Et les ambitions demeurent importantes. « On veut devenir un territoire leader au niveau des mycotechnologies. En ce moment, on travaille fort. On aimerait ça que dans dix ans, il y ait une grappe industrielle autour des mycotechs, qu’il y ait plusieurs entreprises qui se soient installées, développées, et qu’on devienne vraiment bon aussi dans ce domaine. »
Le pari du champignon : Le Kamouraska voit encore plus grand
Au-delà du succès actuel de la filière mycologique, le Kamouraska regarde déjà vers l’avenir. Pour les artisans du projet, l’objectif ne se limite pas à produire davantage de champignons, ou à attirer plus de visiteurs. Il s’agit de démontrer qu’un territoire peut se transformer en misant sur une ressource non traditionnelle, et sur un modèle de développement collectif.

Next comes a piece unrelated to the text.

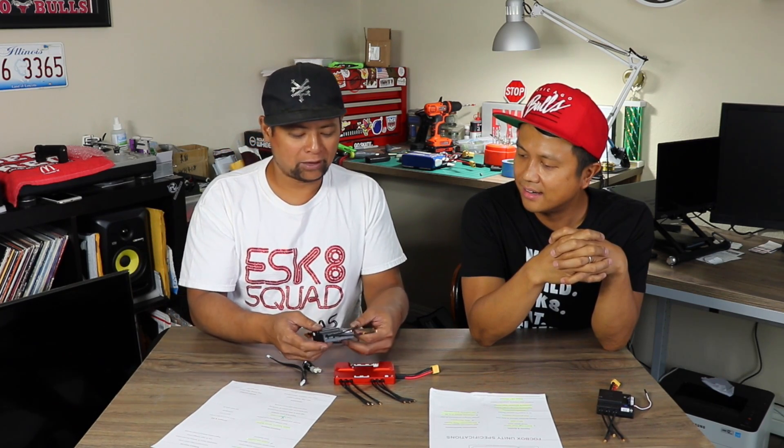My beta unit was 3D printed, had no labels, all rough — they basically said 'sorry, this is what we have, but it works.' It was handmade by Charles, so that's expected for a first unit. That's the Fox Box Unity! Thanks to Mike from Eastgate Squad — check the links below for his Instagram, Facebook, and YouTube. We're going to build something with this Unity — make e-skate great again!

« Je pense que la mission principale de tout ce projet territorial, c’est avant tout de démontrer qu’une région est capable de se développer en misant sur un modèle de filière, et en misant aussi sur une ressource qui est non traditionnelle », explique Pascale G. Malenfant.
Pour elle, cette démonstration demeure au cœur de la démarche. « C’est montrer que ce modèle-là est vraiment un bon modèle pour développer les régions du Québec. Ça, c’est une mission importante. » Elle tient à mentionner que les partenariats et les collaborations sont au cœur de ce développement, et y trouvent une place importante dans le succès de ce secteur d’activités. Pascale souligne notamment l’engagement des 14 organisations et entreprises formant le comité Kamouraska mycologique.

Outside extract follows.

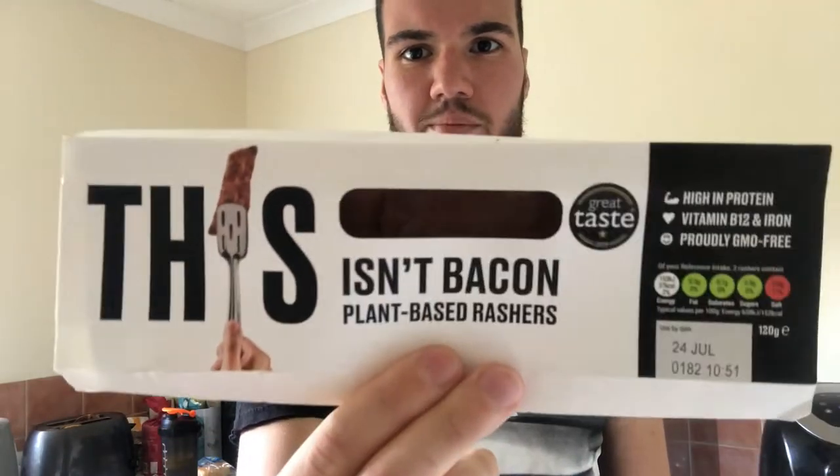This isn't bacon — it's plant-based radish. And it intrigued me because everyone's going on about it, everyone's saying how delicious it is. So I'm here to try it and let you know.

Les orientations sont clairement établies. « On souhaite toujours continuer à augmenter le nombre et la qualité des produits myco, on veut devenir une destination mycotouristique reconnue et continuer de la consolider, et on veut devenir un territoire leader au niveau des mycotechnologies », précise-t-elle.
Volet touristique
Le volet touristique prend d’ailleurs une importance grandissante. L’an dernier, plus de 5000 mycotouristes ont fréquenté le territoire. Le Festival des champignons forestiers du Kamouraska demeure l’événement le plus visible de cet univers. Présenté du 18 au 20 septembre à la Place de l’Expo de Saint-Pascal, il permet au grand public de découvrir un secteur économique souvent méconnu.

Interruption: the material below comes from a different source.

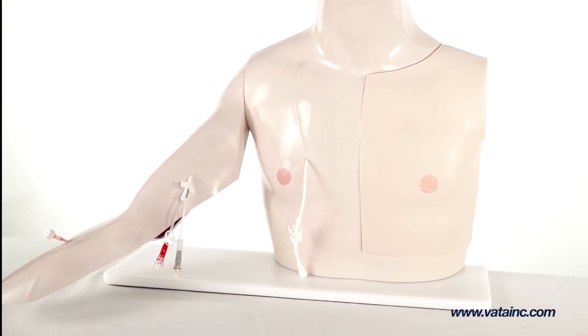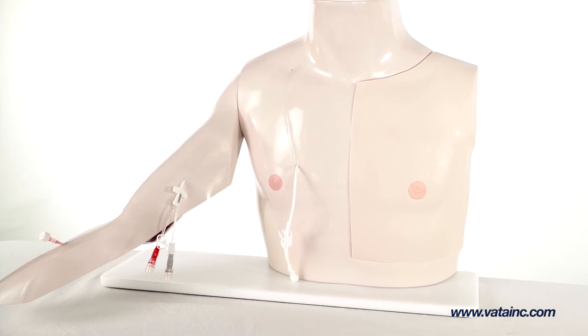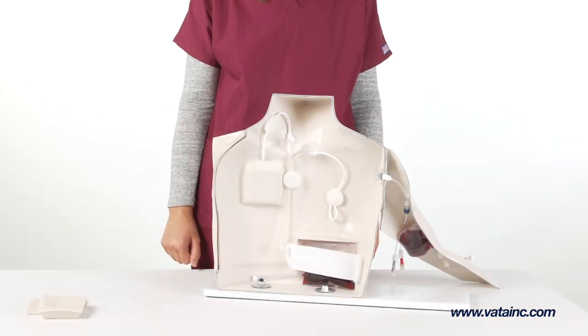Vata's Chester Chest model has everything needed for training and a quick and easy setup. Chester Chest is easy to use and assemble.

« Le Festival, c’est la vitrine par excellence. C’est l’événement phare, ce qui rayonne le plus. C’est ce qui crée aussi le lien entre le grand public et tout ce qui se fait dans la filière et qui est peu visible », souligne Mme Malenfant.
Cette année, plusieurs lauréats des Lauriers de la gastronomie québécoise y ont été mis en valeur, dont le Festival des champignons forestiers lui-même.
Le développement des mycotechnologies représente l’un des plus grands chantiers des prochaines années. Bien que ce secteur soit moins mature que les volets alimentaire et touristique, il suscite déjà de grandes attentes. « Il y a très peu de commercialisation de mycotechs aujourd’hui au Kamouraska. Mais on veut quand même devenir un territoire leader », affirme Pascale G. Malenfant. Les résultats obtenus jusqu’à maintenant encouragent les promoteurs à poursuivre leurs efforts, et la présence d’acteurs clés, comme Biopterre et la Formation continue du Cégep de La Pocatière, fait la différence.
« On a de belles réalisations, des prix, des reconnaissances, une certification, ça commence vraiment à rayonner de belle façon », se réjouit-elle. Cette reconnaissance a notamment pris une dimension internationale en 2025, lorsque le Kamouraska est devenu le premier territoire mycologique à intégrer la certification internationale Fungi Friendly Forest de l’Institut mycologique européen.